■ Goal of the exercise ■
Taking the first line of the listing as the start and the line containing "2023 HYUNDAI TUCSON" as the end, reproduce everything in between exactly, both ends included.

■ Information given ■
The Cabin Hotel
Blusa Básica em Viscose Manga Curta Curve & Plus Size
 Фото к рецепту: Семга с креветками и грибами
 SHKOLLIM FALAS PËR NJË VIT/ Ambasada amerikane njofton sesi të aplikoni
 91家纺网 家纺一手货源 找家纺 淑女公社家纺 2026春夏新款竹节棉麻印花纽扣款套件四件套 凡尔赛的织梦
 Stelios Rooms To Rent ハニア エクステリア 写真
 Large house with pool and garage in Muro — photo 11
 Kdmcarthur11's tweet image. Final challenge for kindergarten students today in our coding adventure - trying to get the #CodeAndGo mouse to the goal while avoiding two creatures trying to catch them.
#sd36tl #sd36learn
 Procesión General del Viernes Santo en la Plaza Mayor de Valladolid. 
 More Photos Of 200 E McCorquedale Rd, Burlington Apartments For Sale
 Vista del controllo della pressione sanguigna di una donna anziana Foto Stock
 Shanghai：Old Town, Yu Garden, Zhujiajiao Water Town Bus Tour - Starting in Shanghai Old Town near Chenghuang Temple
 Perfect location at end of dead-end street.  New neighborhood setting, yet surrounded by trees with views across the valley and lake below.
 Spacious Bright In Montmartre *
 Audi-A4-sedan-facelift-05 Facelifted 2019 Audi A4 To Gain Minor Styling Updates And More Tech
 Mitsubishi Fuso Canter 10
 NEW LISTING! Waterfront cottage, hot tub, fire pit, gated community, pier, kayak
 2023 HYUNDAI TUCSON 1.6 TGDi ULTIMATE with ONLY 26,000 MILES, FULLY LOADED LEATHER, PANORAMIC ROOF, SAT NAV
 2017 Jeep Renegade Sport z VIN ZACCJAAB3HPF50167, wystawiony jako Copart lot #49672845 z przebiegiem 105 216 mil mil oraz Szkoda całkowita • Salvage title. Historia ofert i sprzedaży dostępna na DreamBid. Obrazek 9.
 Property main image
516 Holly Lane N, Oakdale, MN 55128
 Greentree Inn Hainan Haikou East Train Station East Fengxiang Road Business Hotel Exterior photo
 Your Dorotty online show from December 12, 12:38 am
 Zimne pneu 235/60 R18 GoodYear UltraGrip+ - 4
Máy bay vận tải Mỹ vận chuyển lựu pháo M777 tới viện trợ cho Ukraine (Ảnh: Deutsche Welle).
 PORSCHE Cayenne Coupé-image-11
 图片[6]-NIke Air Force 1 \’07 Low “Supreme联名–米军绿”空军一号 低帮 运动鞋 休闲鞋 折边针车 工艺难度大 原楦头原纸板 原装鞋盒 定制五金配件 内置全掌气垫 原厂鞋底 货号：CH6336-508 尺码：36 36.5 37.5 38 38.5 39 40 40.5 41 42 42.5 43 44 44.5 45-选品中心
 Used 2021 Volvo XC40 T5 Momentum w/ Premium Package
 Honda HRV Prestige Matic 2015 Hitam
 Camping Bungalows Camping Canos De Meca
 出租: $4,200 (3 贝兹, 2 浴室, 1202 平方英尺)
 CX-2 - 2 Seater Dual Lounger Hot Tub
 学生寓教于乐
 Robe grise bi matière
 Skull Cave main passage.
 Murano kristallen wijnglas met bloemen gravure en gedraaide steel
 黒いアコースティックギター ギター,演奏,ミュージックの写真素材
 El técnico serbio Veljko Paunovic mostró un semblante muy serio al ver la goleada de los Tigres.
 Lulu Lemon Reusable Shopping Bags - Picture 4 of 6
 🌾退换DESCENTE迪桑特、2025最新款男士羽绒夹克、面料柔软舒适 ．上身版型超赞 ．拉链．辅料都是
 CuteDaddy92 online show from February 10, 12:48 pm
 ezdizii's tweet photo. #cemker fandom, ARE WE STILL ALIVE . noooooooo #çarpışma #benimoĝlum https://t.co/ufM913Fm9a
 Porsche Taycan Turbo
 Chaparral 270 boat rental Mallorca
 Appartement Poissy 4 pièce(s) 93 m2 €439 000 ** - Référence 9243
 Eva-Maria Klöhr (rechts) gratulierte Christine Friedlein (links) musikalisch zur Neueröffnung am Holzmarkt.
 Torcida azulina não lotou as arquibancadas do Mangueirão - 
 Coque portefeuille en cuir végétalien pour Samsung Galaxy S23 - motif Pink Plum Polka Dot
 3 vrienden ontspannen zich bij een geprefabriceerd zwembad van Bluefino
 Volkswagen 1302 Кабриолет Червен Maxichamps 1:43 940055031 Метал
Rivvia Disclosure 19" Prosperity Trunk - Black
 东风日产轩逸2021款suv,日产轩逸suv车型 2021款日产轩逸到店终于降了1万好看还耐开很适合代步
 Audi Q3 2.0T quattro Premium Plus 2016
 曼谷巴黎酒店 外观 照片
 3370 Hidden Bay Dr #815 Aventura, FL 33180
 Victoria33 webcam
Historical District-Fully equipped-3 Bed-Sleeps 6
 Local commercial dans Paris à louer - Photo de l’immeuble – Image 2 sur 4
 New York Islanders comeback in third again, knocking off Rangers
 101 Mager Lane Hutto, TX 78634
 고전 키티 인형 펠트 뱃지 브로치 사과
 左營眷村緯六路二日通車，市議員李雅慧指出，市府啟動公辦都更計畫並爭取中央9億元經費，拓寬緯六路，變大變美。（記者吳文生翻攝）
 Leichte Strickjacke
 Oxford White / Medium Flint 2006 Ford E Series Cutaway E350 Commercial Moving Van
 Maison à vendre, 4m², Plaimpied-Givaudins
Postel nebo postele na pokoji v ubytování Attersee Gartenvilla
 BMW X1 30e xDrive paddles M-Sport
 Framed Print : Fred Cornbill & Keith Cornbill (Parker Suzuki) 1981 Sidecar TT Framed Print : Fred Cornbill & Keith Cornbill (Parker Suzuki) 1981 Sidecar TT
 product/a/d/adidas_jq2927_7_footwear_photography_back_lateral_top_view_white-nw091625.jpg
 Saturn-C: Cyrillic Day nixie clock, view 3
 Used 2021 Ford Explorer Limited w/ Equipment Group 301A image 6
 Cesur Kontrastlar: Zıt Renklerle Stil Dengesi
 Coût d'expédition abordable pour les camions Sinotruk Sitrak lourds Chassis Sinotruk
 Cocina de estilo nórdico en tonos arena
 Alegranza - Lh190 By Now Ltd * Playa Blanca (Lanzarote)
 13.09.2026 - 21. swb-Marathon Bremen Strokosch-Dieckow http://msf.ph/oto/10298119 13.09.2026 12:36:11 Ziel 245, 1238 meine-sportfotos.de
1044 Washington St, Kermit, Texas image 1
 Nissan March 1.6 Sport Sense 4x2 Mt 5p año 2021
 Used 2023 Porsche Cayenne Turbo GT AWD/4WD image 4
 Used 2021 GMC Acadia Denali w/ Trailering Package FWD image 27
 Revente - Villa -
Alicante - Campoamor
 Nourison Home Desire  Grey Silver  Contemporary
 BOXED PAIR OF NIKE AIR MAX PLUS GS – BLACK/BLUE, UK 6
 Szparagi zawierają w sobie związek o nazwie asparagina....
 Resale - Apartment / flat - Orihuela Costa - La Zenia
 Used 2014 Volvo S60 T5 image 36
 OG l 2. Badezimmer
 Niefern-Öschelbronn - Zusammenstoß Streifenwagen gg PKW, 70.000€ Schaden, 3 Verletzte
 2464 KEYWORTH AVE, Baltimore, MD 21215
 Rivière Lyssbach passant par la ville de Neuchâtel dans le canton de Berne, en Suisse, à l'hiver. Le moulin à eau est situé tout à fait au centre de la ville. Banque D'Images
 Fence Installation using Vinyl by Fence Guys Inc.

■ Solution to this task ■
The Cabin Hotel
Blusa Básica em Viscose Manga Curta Curve & Plus Size
 Фото к рецепту: Семга с креветками и грибами
 SHKOLLIM FALAS PËR NJË VIT/ Ambasada amerikane njofton sesi të aplikoni
 91家纺网 家纺一手货源 找家纺 淑女公社家纺 2026春夏新款竹节棉麻印花纽扣款套件四件套 凡尔赛的织梦
 Stelios Rooms To Rent ハニア エクステリア 写真
 Large house with pool and garage in Muro — photo 11
 Kdmcarthur11's tweet image. Final challenge for kindergarten students today in our coding adventure - trying to get the #CodeAndGo mouse to the goal while avoiding two creatures trying to catch them.
#sd36tl #sd36learn
 Procesión General del Viernes Santo en la Plaza Mayor de Valladolid. 
 More Photos Of 200 E McCorquedale Rd, Burlington Apartments For Sale
 Vista del controllo della pressione sanguigna di una donna anziana Foto Stock
 Shanghai：Old Town, Yu Garden, Zhujiajiao Water Town Bus Tour - Starting in Shanghai Old Town near Chenghuang Temple
 Perfect location at end of dead-end street.  New neighborhood setting, yet surrounded by trees with views across the valley and lake below.
 Spacious Bright In Montmartre *
 Audi-A4-sedan-facelift-05 Facelifted 2019 Audi A4 To Gain Minor Styling Updates And More Tech
 Mitsubishi Fuso Canter 10
 NEW LISTING! Waterfront cottage, hot tub, fire pit, gated community, pier, kayak
 2023 HYUNDAI TUCSON 1.6 TGDi ULTIMATE with ONLY 26,000 MILES, FULLY LOADED LEATHER, PANORAMIC ROOF, SAT NAV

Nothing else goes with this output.